So, every time you want to do:

awk '$3~/pattern/' file

you need to create a tmp file, write "$3~/pattern/" to the file, then
call awk with -f on that file, then remove the file afterwards. Uh-huh.

Also, every time you write a shell script and want to use awk for some
small part of the work, you need to write the body of the awk script to
a file and remember if you're porting your shell script to a different
machine to port that awk file too, and make sure you correctly specify
the path to that awk script so your shell script doesn't break if it has
to be moved to a different login.

Honestly - what is the point of posting advice that's completely useless
in the real world?

Ed.
Kenny McCormack

2005-02-17, 3:57 am

In article <cv0ag0$345@netnews.proxy.lucent.com>,
Ed Morton <morton@lsupcaemnt.com> wrote:
....
>Also, every time you write a shell script and want to use awk for some
>small part of the work, you need to write the body of the awk script to
>a file and remember if you're porting your shell script to a different
>machine to port that awk file too, and make sure you correctly specify
>the path to that awk script so your shell script doesn't break if it has
>to be moved to a different login.


We are allowed to do it on the command line, because we are real
programmers who know what we are doing - and do it often enough to know the
gotchas. For the beginner, "put it in a file unless it is absolutely
trivial" is good advice.

>Honestly - what is the point of posting advice that's completely useless
>in the real world?


The advice is not really useless. A lot of the problems that we see here
are shell quoting problems (or "What's your shell?" problems). Leaving
aside the usual topicality arguments (the question of "What are we allowed
to talk about here?"), the fact is that quite often, if your goal is to
teach something about AWK (as opposed to teaching shell), the best advice
you can give the OP is to put the thing in a file and see if it works like
that (then and only then to try to retro-fit it back to a shell command
line).

Ed Morton

2005-02-17, 3:57 am



Kenny McCormack wrote:
> In article <cv0ag0$345@netnews.proxy.lucent.com>,
> Ed Morton <morton@lsupcaemnt.com> wrote:
> ...
>
>
>
> We are allowed to do it on the command line, because we are real
> programmers who know what we are doing - and do it often enough to know the
> gotchas. For the beginner, "put it in a file unless it is absolutely
> trivial" is good advice.


This whole thread is about a trivial one-liner to replace some text. It
could be done with other tools (sed or perl) on the command line. Making
awk appear more complicated than it is counter-productive.

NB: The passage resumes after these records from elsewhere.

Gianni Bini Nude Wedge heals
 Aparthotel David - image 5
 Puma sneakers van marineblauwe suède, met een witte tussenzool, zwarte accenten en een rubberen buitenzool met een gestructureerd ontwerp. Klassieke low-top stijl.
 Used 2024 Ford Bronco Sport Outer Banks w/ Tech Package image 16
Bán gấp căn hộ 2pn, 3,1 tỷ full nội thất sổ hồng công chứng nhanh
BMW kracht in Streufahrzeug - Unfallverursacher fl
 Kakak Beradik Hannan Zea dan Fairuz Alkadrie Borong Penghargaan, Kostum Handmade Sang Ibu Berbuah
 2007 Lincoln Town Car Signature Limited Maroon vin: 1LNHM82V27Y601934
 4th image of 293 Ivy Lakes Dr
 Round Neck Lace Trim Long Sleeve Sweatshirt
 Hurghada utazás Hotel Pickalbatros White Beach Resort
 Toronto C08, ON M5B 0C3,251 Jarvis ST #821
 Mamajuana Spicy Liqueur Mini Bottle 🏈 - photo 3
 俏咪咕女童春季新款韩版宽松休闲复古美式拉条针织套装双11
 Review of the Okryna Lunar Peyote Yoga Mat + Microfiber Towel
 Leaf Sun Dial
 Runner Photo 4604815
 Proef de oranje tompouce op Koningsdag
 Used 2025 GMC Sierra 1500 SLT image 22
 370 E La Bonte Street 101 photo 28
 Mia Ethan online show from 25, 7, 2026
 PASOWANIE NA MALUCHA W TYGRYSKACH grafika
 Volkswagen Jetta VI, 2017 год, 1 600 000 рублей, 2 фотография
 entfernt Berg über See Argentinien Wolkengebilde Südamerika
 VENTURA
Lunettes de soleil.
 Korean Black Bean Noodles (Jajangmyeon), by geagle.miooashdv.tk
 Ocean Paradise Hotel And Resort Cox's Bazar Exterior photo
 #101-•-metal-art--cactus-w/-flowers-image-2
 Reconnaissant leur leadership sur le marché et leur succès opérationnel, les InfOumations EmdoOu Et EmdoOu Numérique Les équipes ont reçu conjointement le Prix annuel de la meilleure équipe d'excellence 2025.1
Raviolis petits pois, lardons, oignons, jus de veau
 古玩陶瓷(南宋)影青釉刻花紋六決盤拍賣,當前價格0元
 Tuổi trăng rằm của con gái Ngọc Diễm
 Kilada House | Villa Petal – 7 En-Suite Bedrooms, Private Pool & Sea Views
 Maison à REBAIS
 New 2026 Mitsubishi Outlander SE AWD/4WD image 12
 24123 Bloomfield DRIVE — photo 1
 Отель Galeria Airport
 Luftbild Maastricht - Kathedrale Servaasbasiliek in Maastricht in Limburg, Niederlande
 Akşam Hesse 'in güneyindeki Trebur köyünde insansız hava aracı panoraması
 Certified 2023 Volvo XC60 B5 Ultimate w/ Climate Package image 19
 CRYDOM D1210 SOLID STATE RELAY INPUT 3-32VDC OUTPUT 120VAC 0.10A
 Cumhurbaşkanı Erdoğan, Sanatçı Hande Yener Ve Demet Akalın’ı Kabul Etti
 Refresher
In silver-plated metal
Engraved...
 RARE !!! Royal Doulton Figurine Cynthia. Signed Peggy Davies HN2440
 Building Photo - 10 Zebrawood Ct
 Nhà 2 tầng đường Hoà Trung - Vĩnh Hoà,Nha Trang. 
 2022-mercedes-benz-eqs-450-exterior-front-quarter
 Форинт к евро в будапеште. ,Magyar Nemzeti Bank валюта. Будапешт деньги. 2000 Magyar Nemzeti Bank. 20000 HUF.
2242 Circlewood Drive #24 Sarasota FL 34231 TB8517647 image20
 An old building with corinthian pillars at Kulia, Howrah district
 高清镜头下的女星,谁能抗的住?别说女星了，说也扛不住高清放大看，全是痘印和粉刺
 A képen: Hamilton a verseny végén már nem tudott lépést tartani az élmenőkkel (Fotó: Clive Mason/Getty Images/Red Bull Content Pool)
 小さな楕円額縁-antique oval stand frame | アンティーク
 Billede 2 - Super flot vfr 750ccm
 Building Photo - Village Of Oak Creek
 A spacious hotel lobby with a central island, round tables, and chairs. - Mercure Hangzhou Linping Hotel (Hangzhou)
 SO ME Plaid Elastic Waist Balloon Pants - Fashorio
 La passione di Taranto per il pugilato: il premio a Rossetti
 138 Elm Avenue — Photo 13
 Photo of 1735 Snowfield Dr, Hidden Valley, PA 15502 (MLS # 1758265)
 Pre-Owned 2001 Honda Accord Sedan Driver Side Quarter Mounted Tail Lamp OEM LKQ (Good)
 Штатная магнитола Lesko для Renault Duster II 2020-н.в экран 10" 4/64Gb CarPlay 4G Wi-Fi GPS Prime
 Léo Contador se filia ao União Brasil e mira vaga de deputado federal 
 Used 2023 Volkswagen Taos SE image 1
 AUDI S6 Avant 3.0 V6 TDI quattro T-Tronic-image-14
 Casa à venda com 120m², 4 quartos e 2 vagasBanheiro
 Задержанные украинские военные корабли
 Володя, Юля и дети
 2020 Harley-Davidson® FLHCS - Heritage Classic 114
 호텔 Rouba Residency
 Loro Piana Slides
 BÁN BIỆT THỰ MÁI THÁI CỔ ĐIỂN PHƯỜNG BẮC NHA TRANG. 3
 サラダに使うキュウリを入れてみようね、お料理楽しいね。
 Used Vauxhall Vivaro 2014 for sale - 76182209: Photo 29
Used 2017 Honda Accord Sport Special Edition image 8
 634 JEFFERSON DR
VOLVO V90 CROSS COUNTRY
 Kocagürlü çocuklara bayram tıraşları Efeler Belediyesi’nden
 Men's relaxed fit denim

The only
gotcha I can think of of doing it on the command-line is the single
quote issue and that's one I think every awk programmer should be aware
of as it can bite you for apparently trivial scripts too, e.g. search
for a single quote in field 3 in a file:

awk '$3~/'/' file

would appear to a beginner to be a trivial script. We shouldn't be
telling people the correct solution is to put this in a file rather than
just making it:

awk -vsq=' '$3~sq' file

>
>
>
> The advice is not really useless. A lot of the problems that we see here
> are shell quoting problems (or "What's your shell?" problems).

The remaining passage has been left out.